**TASK DETAILS**
Retype each entry exactly as written, and keep the pictures out of the copy.

[Opening INPUT DATA section]

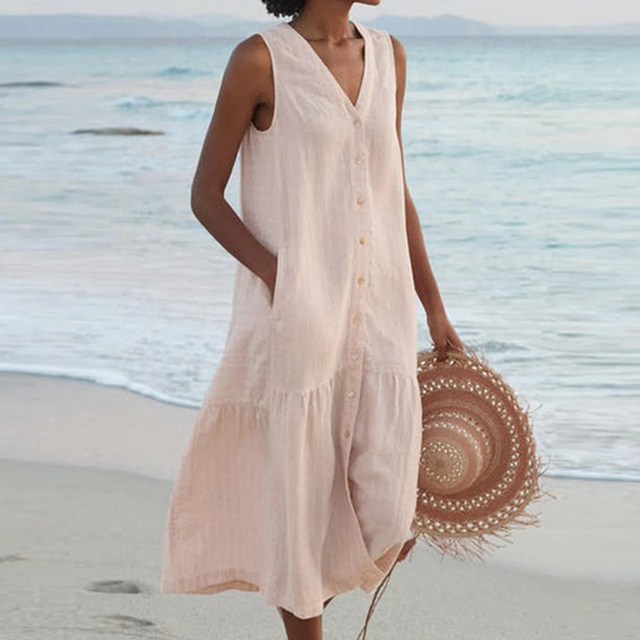 Ariadna - Vestido con Escote en V
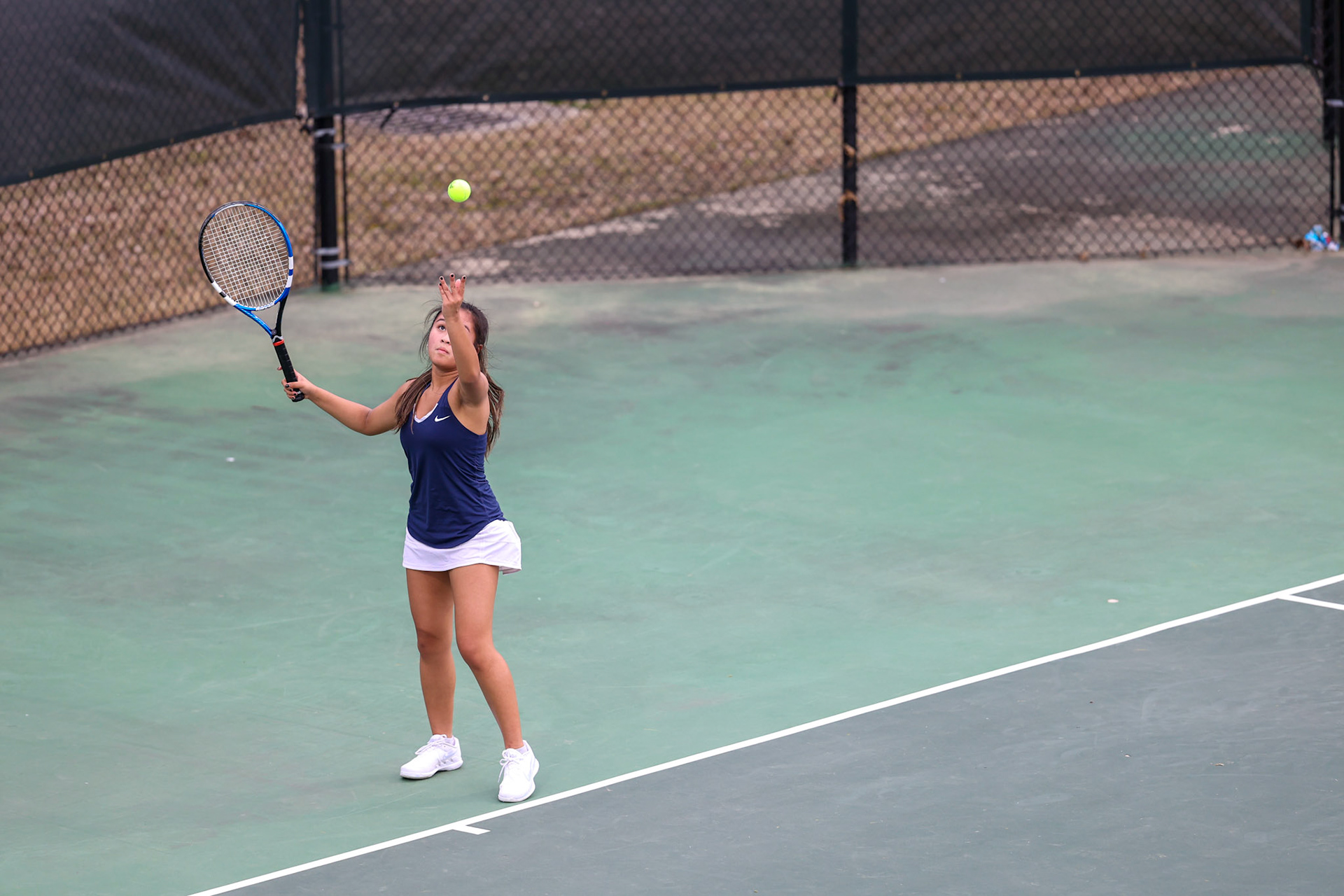 St. Benedict Tennis vs Briarcrest at Briarcrest Christian School on April 12, 2022 in Memphis, TN. (Ryan Beatty/SBA)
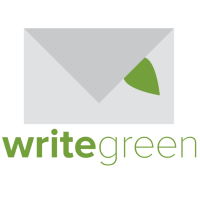 Write Green logo, Write Green contact details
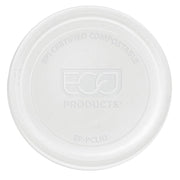 Eco-Products Compostable Clear PLA Plastic Portion Cup Lids, Case of 2000, Fits 2-4oz Food Containers, Renewable Plant-Based,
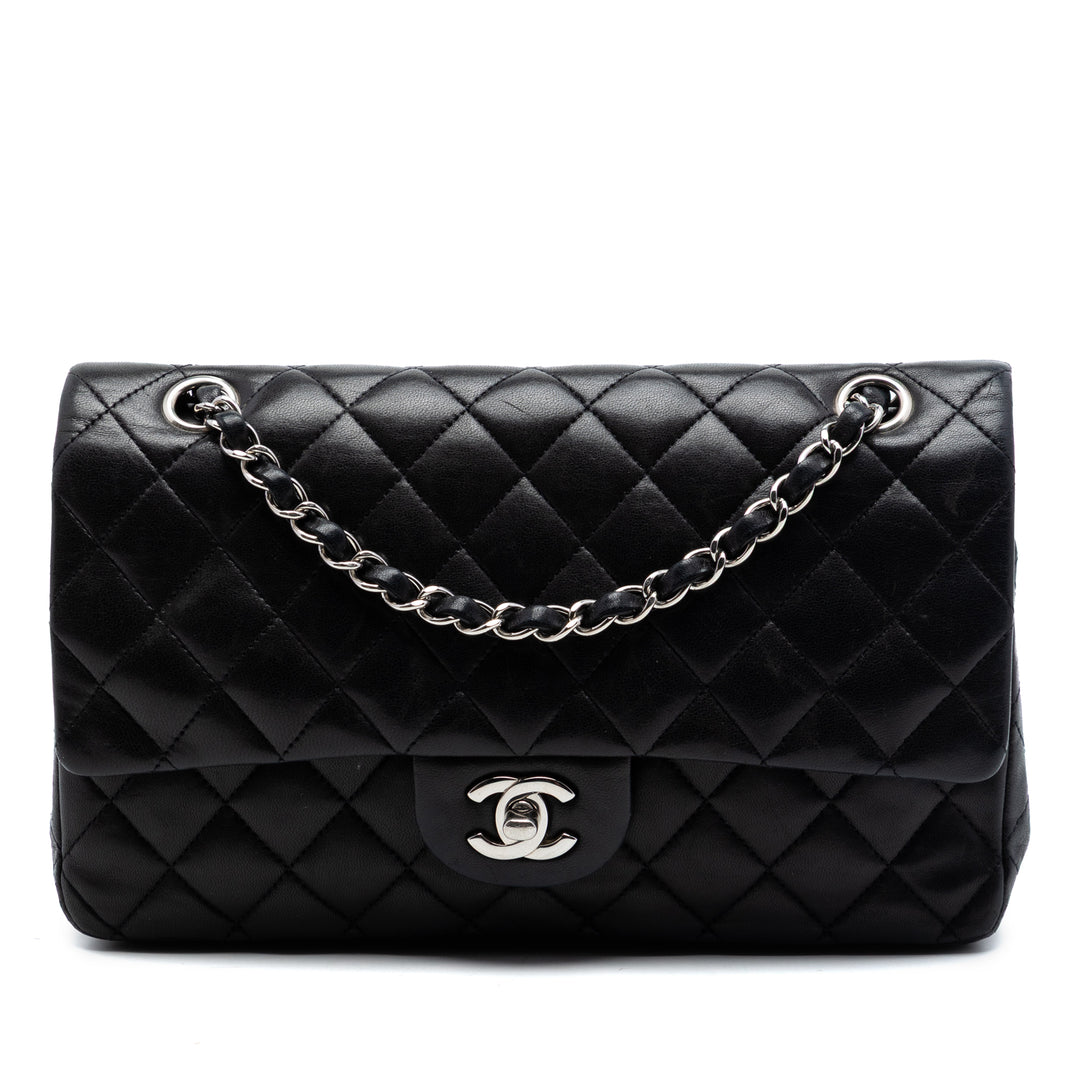 Chanel Medium Classic Cuir d’agneau Double rabat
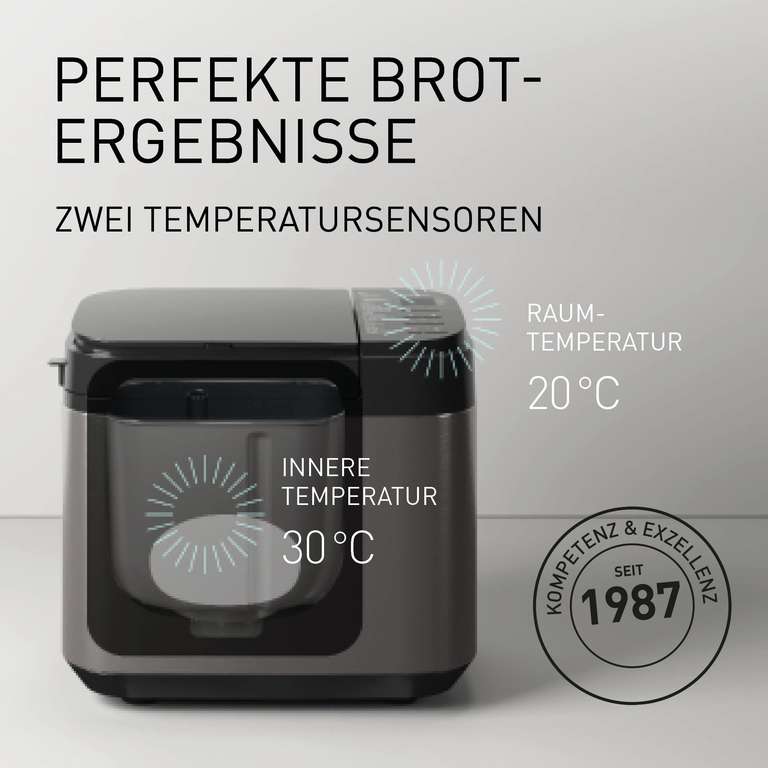 Panasonic SD-YR2540 Premium Brotbackautomat – Vollautomatisch, glutenfrei, 32 Programme, bei Amazon 166,00€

[Closing INPUT DATA section]

**SOLUTION TO THE EXERCISE**
 Ariadna - Vestido con Escote en V
 St. Benedict Tennis vs Briarcrest at Briarcrest Christian School on April 12, 2022 in Memphis, TN. (Ryan Beatty/SBA)
 Write Green logo, Write Green contact details
 Eco-Products Compostable Clear PLA Plastic Portion Cup Lids, Case of 2000, Fits 2-4oz Food Containers, Renewable Plant-Based,
 Chanel Medium Classic Cuir d’agneau Double rabat
 Panasonic SD-YR2540 Premium Brotbackautomat – Vollautomatisch, glutenfrei, 32 Programme, bei Amazon 166,00€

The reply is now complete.